One shortcoming I find in most implementations of partition is
the unnecessary swapping of elements equal to the pivot resulting
in much unneeded work. The code in your slides has this same
shortcoming. Imagine, for some reason, you call a pivot on an
array full of zeroes. It's going to be moving lots of elements
around for no good reason.
The obvious solution is to simply skip over equal elements but
that is not enough. Reconsider the array full of zeroes; if you
simply skip over all equal elements on the first pass, then the
pivot will end up at the very front or end of the array. Ideally,
at least when sorting, you want the pivot to occur as close to
the center as possible.
My solution is to alternate between incrementing "lo" and "hi"

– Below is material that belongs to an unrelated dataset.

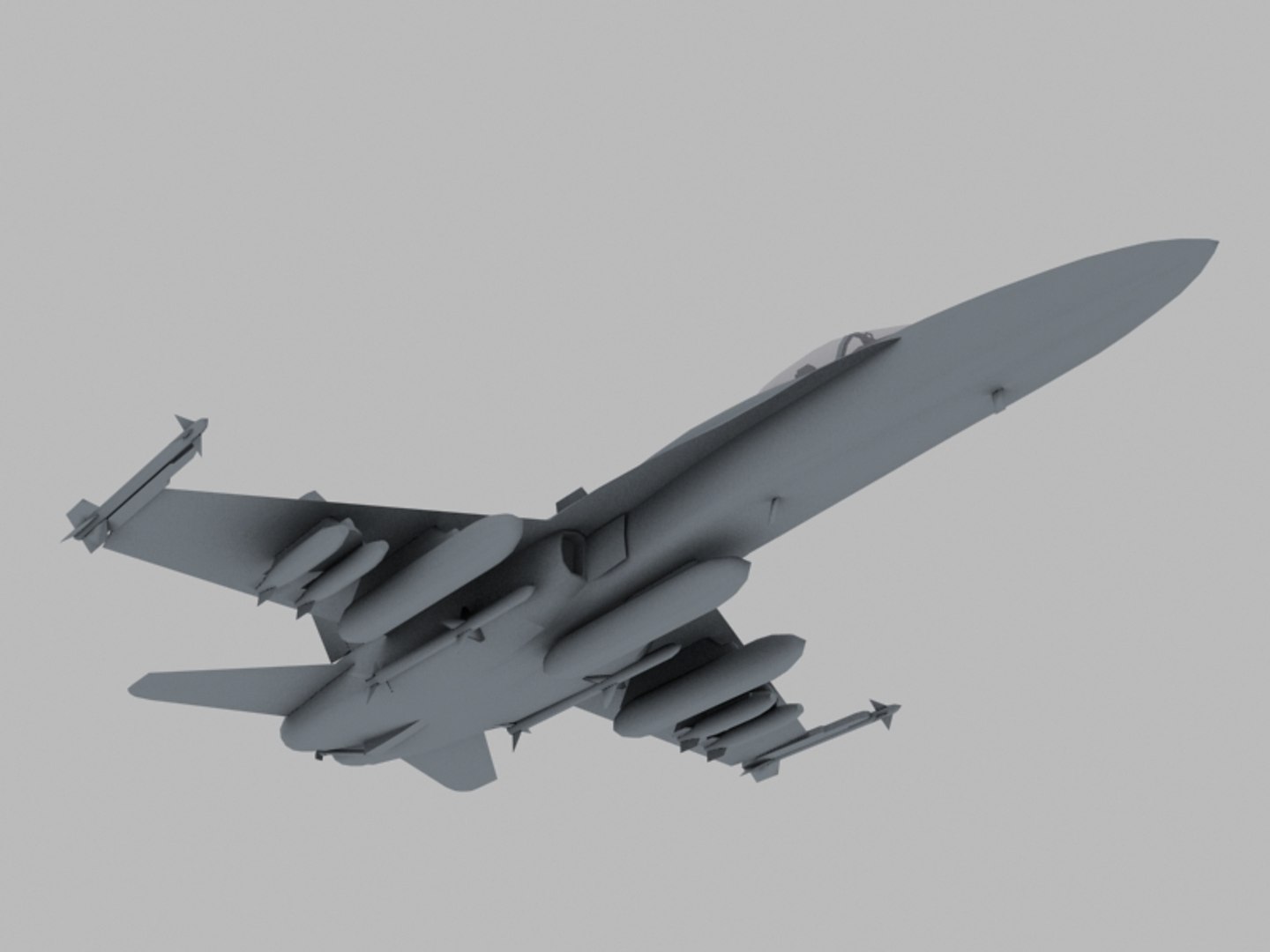 3d f-18 navy attack warplane https://p.turbosquid.com/ts-thumb/Fc/VNkcw0/HyWDlU0K/f18_03/jpg/1288474006/1920x1080/fit_q87/5e0137d0fb1cf41981b1266096ce330627d30e96/f18_03.jpg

only one step at a time, skipping over equal elements in the
process. A priori, with an array full of zeroes, the pivot ends
up in the center. Only once you find an element that belongs in
the other partition do you fall back to the Hoare partition
scheme and increment the other iterator until you find another
element to swap with, but do not skip over equal elements in this
case! Otherwise, you can trigger the same behavior as before with
quadratic running time.
Anyways, my solution can be found at the link below. It can be
over twice as fast in an ideal case, but when applied to real
world data with lots of duplicate elements, maybe 5-10% faster.
https://github.com/Xinok/XSort/blob/master/xsort/introsort.d#L171
I don't claim credit for this technique. Admittedly I haven't
really tried looking around to see if anybody else has come up
with the same solution but I'm probably not the first.